Here, we present an approach to extracting information about the dynamics of gene expression from FISH data by considering correlations of expression between pairs of genes (cf. Fig. 1). The approach applies even if the dynamics of interest occurs heterogeneously in a population. One class of dynamics we consider are cyclic oscillations of gene expression. Common examples are the cell cycle, circadian oscillations, and metabolic oscillations [13]. Cyclic oscillations of gene expression, such as the cell cycle, have been studied at the population level by synchronizing cells, but for many organisms synchronization is difficult without strongly perturbing the cells. A non-perturbative approach to studying oscillatory gene expression is likely to be of value in these cases. To study metabolic oscillations, cells of the yeast Saccharomyces cerevisiae have been synchronized in chemostats [13], but those cells demonstrably continue to influence each other via levels of dissolved oxygen and other chemical species. To ascertain if Saccharomyces undergoes metabolic oscillations outside the chemostat, Silverman et al. [14] recently obtained an extensive FISH data set, and argued for the existence of metabolic oscillations based on correlations in gene expression. Using the same data set, we apply our approach to reconstructing oscillatory dynamics, and confirm the existence of metabolic cycles in unsynchronized yeast populations [14]. Our approach can also be applied to transient oscillations in response to external stimulation, such as in the bacterial SOS response to DNA damage [15] or in the analogous eukaryotic p53-Mdm2 system [16]. Another class of dynamics we consider are stochastic switches among different states of gene expression. Examples include persister cells in Escherichia coli [17], competence [1], [2], [8] and swimming/chaining in Bacillus subtilis [8], the stringent response in mycobacteria [18], and galactose utilization in Saccharomyces cerevisiae [19].
Figure 1
Figure 1
Illustration of periodic mRNA transcription and pairwise FISH measurements in the continuous regime (upper panel) and the bursty regime (lower panel).

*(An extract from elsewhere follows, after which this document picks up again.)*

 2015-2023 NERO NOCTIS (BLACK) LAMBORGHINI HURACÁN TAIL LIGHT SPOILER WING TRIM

Specifically, we show how Maximum Likelihood Estimation (MLE) [20] can be applied to FISH data obtained for multiple pairs of genes to reconstruct the underlying dynamics of gene expression. MLE consists of finding the set of parameters within a particular family of models for which the observed data is most “likely”. MLE has been applied successfully to biological data analysis in many contexts, from reconstruction of evolutionary trees [21], [22] to estimation of genetic parameters [23] to understanding the evolution of gene structure [24]. We show using synthetic FISH data that MLE can accurately reconstruct dynamics, even in the presence of substantial noise, provided the number of genes and the number of FISH observations per gene pair are sufficient. Reconstructing gene-expression dynamics is most challenging in the “bursty” regime where mRNAs are often present at very low levels or not at all in the cell, except when transcriptional bursts occur. For this regime, we present a robust approach based on thresholding the FISH data into binary form, followed by MLE analysis. In this case, we show that Principal Component Analysis (PCA) of the covariance matrix performs nearly as well as MLE. We suggest that the two-step approach of thresholding followed by MLE or PCA is likely to prove the best practical approach to reconstructing gene-expression dynamics for most real FISH data sets, and we demonstrate this approach using the data set of Silverman et al. [14].

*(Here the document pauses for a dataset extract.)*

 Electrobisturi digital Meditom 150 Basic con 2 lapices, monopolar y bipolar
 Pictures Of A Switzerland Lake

Importantly, the method we present here for inferring intracellular dynamics from data in the form of “snapshots” is quite general, relying only on measurements of pairs of quantities in single cells, with no requirement for exact counts. The method can therefore be applied with little modification in other contexts such as quantitative immunofluorescence or single-cell sequencing studies.

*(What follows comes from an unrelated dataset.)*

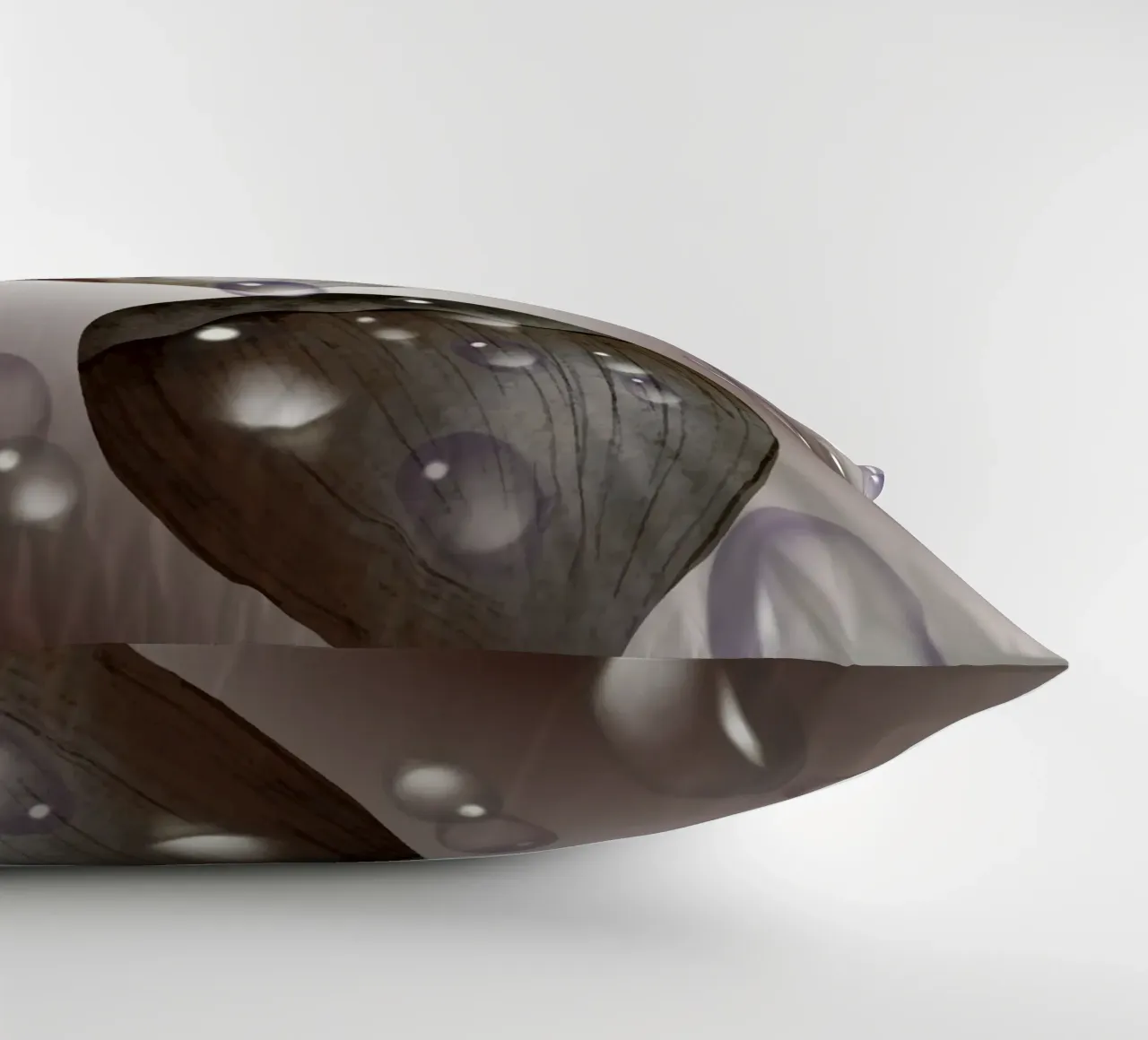 Gocce di nocciola - design in bianco e nero per tazza, taccuino cuscino da StrindesignStudio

We presume that production of mRNA transcripts is a stochastic process. Transcription factors bind to DNA at random times, with a probability that depends on other signals, and which can therefore also vary with time. Binding of one or more transcriptional activators, or unbinding of repressors, typically leads to production of a “burst” of mRNA transcripts. One can distinguish three regimes, two of which are illustrated in Fig. 1. In the first regime, many bursts typically contribute to the total concentration of a particular mRNA species at any moment. The distribution of mRNA is therefore approximately Gaussian with a mean and variance that can vary with time, e.g. over the cell cycle. We refer to this case as the continuous regime. The second regime is the opposite limit where mRNA production is highly intermittent [10] – typically there are very few mRNAs of a particular species, and when there are more than a few, they all stem from the same burst. We refer to this case as the bursty regime. The third regime is the intermediate case, where a few bursts typically contribute to the number of mRNA present at any moment. In what follows we focus on the two first regimes. Optimal treatment of the intermediate regime requires a more detailed and/or empirical noise model, but the thresholding method we develop for the bursty regime can also be usefully applied in the intermediate case, as demonstrated by our analysis of FISH data for metabolic cycles in yeast [14].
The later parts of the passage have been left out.